Regex Cheat Sheet: Patterns Every Developer Needs

10 min2026年5月11日

Why Another Regex Cheat Sheet?

Every regex cheat sheet I've found online lists syntax — anchors, quantifiers, character classes — but never shows you the patterns you actually copy-paste at work. This one is different. It's organized by task: validate an email, extract a URL, enforce password rules, parse a log line. Each pattern comes with an explanation of why it works and, more importantly, where it breaks.

Regular expression syntax hasn't changed much since Perl 5 in 1994. The basics are the same across JavaScript, Python, Go, Java, and .NET. The differences are in flags (JavaScript uses /g, Python uses re.DOTALL), lookahead support (Go's RE2 engine doesn't support lookbehinds), and Unicode handling.
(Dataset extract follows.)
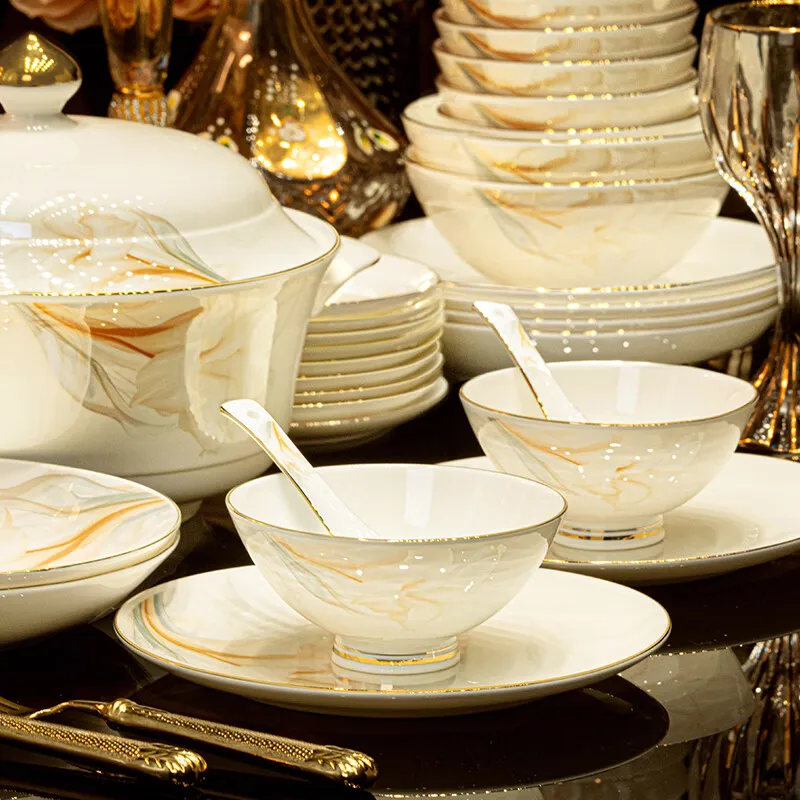 2025 New Jingdezhen High-end Bowl Plate Tableware Set For Housewarming Gift Bone China Bowl, Chopsticks Plate Set Gift Giving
This cheat sheet uses JavaScript regex syntax since that's what most web developers encounter first, but the patterns work in any PCRE-compatible engine.

One opinion upfront: if your regex is longer than ~80 characters, you're probably better off with a parser or multiple simpler regexes chained together. I've debugged 300-character email validation regexes that still missed edge cases. Readability matters more than cleverness.

Regex Cheat Sheet: Core Syntax Quick Reference

Characters: . matches any character except newline. \d matches digits [0-9]. \w matches word characters [a-zA-Z0-9_]. \s matches whitespace (space, tab, newline). Their uppercase versions (\D, \W, \S) match the opposite. The backslash escapes special characters: \. matches a literal dot.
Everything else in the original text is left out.